Fruitful internship collaborations could involve trade, business, cultural, scientific and NGO organizations working in Russia, Eastern and Central Europe, and Central Asia, as well as more local opportunities of working within the state’s numerous Slavic ethnic communities, translation services, and cultural, social, trade companies and organizations with broad interests in the relevant parts of the world.
While we already have an active, annual Summer Program in Prague and are putting into place another summer program in Sochi, on the Black Sea, having a semester-long program in a major Russian university which is designed for undergraduates with two or more years of Russian as well as for graduate students in Slavic and REECAS (who may wish to take courses in their discipline in Russia) will be a definite boon to both programs. We are currently looking into possibility of collaborating with several universities, including those in Tomsk, Ekaterinburg, and Khabarovsk. We also envision, down the road, occasional exchange of faculty, from both Slavic and REECAS on our side.
Our successes do not mean that some aspects of our program are not in need of further improvement. We are constantly in the process of investigating our shortcomings and attempting to correct the situation. We do take the input of our students very seriously and, while keeping the basic core, restructure our curriculum regularly to meet the changing needs and interests of our students as well as the rapidly changing realities of the countries we cover.
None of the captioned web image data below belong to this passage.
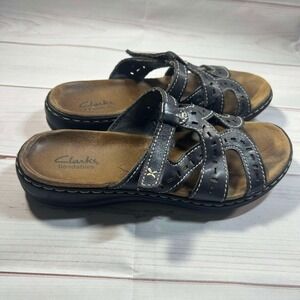 Clarks Slip ons Leather Comfort Sandals Adjustable Black‎ - Womens Size 7.5M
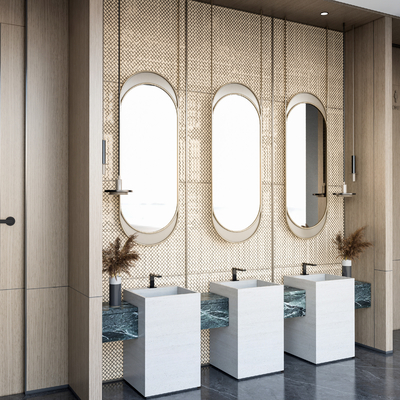  现代公共卫生间su模型 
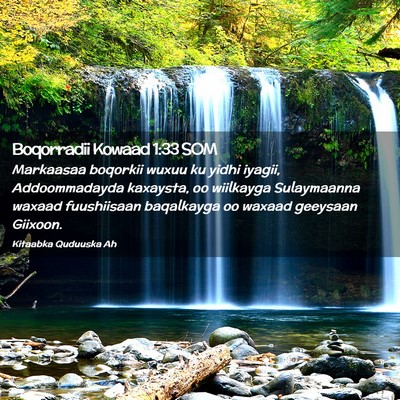 Picture 02 - Boqorradii Kowaad 1:33 SOM - Markaasaa boqorkii wuxuu ku yidhi iyagii, - Bible Verse Picture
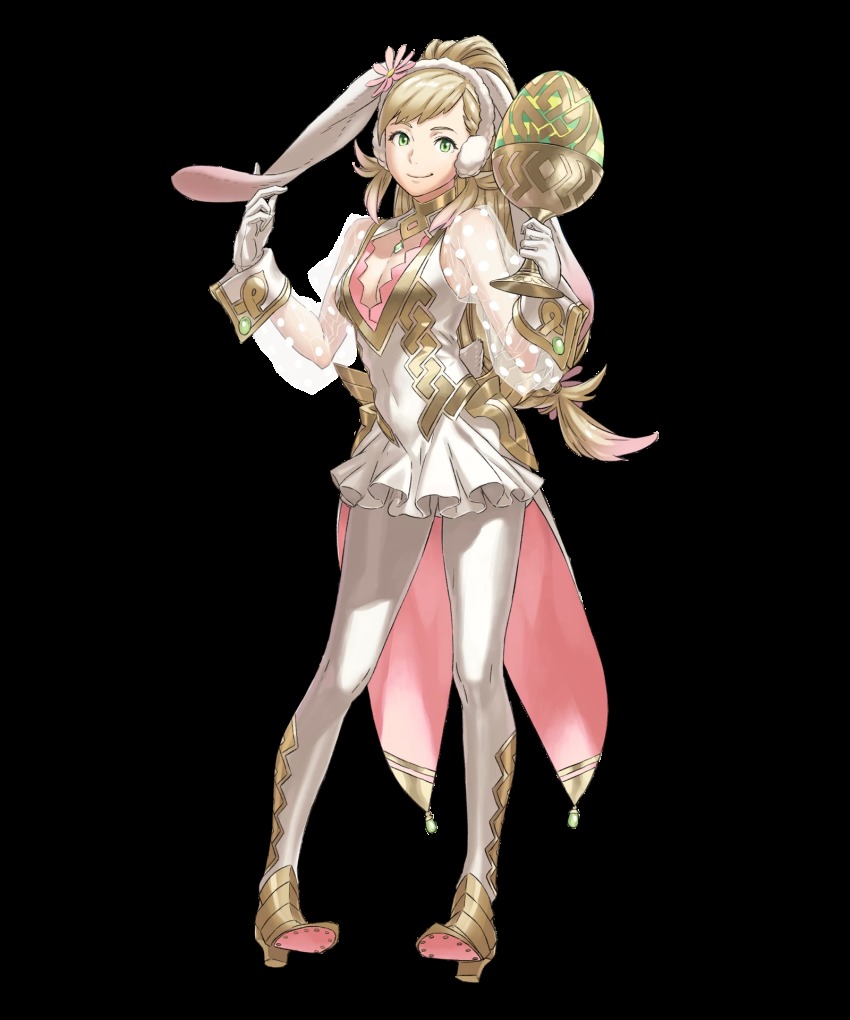 1girl, animal_ears, blonde_hair, breasts, cleavage, cleavage_cutout, clothing_cutout, cup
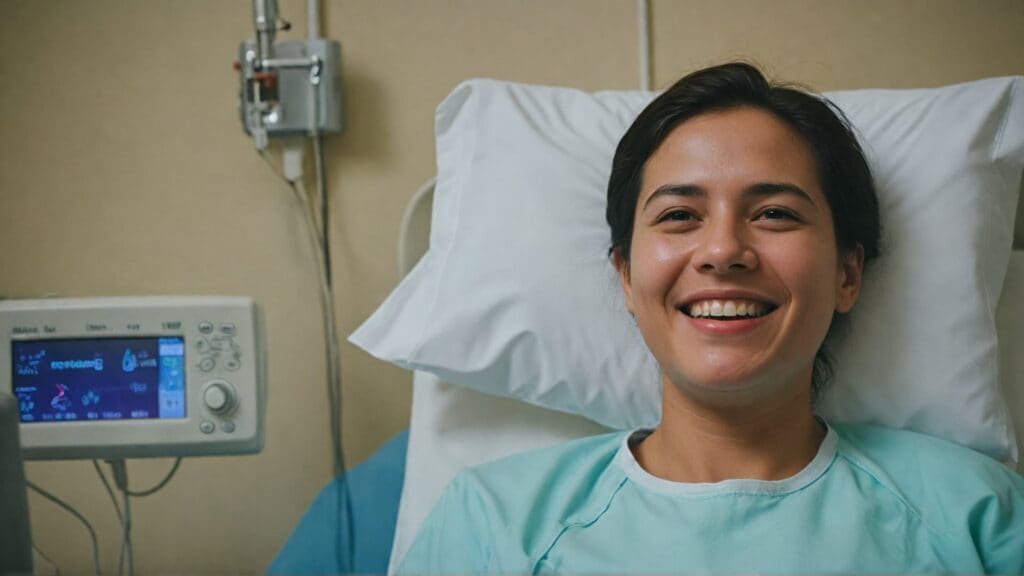 Smiling female patient in hospital gown after successful medical scan procedure in healthcare facility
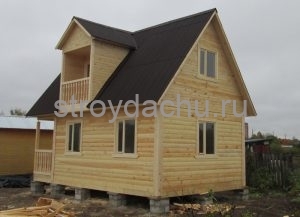 брусовой дом 4,5 на 7,5 по проекту Борис (вид3)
Our undergraduates, we believe, are, overall, very well served. One, relatively minor, shortcoming is that we do not have a good system in place to serve the Russian “heritage” speakers, whose needs in language classes are different from those of non-heritage learners. We do have a sizable population of heritage speakers taking language courses from us (Russian is now the second most commonly-spoken non-English language in the state, after Spanish). Mixing the two groups works to the disadvantage of both, but our efforts to open special heritage sections so far have failed, mostly because of the lack of interest among the heritage speakers to be “segregated” into special sections. We probably have not done a successful enough PR job or implemented strict enough rules. Notably, several of our peers – Michigan, Berkeley, UCLA – do have separate sections of Russian for heritage speakers. The UCLA example detailed in this article – http://dailybruin.com/news/2006/dec/11/ucla-receives-grant-to-develop/ – is something we intend to emulate. We are now in the process of researching the grants we can apply for in order to achieve similar results.
Since our graduate program is fairly small, enrollments in purely graduate courses tend to be small as well. For years we were encouraged not to go on the books with low enrollments, so many of our upper-division courses had sections for graduate students. While we felt we had little choice, this had a negative effect on our graduate program since there is no substitute for the rigor and high standards of a truly graduate seminar. Our graduate students have felt this lack quite acutely as well, so starting with 2007-08 we have added more graduate seminars to our offerings and intend to offer at least two annually.
We also feel that while our graduate students are adequately trained professionally, more can be done to prepare them for teaching when they are first awarded a TAship. We are therefore re-instituting Pedagogy courses and workshops, which we had until 2005, to be taught and supervised by our Departmental Languages Coordinator, Dr. Bojan Belić.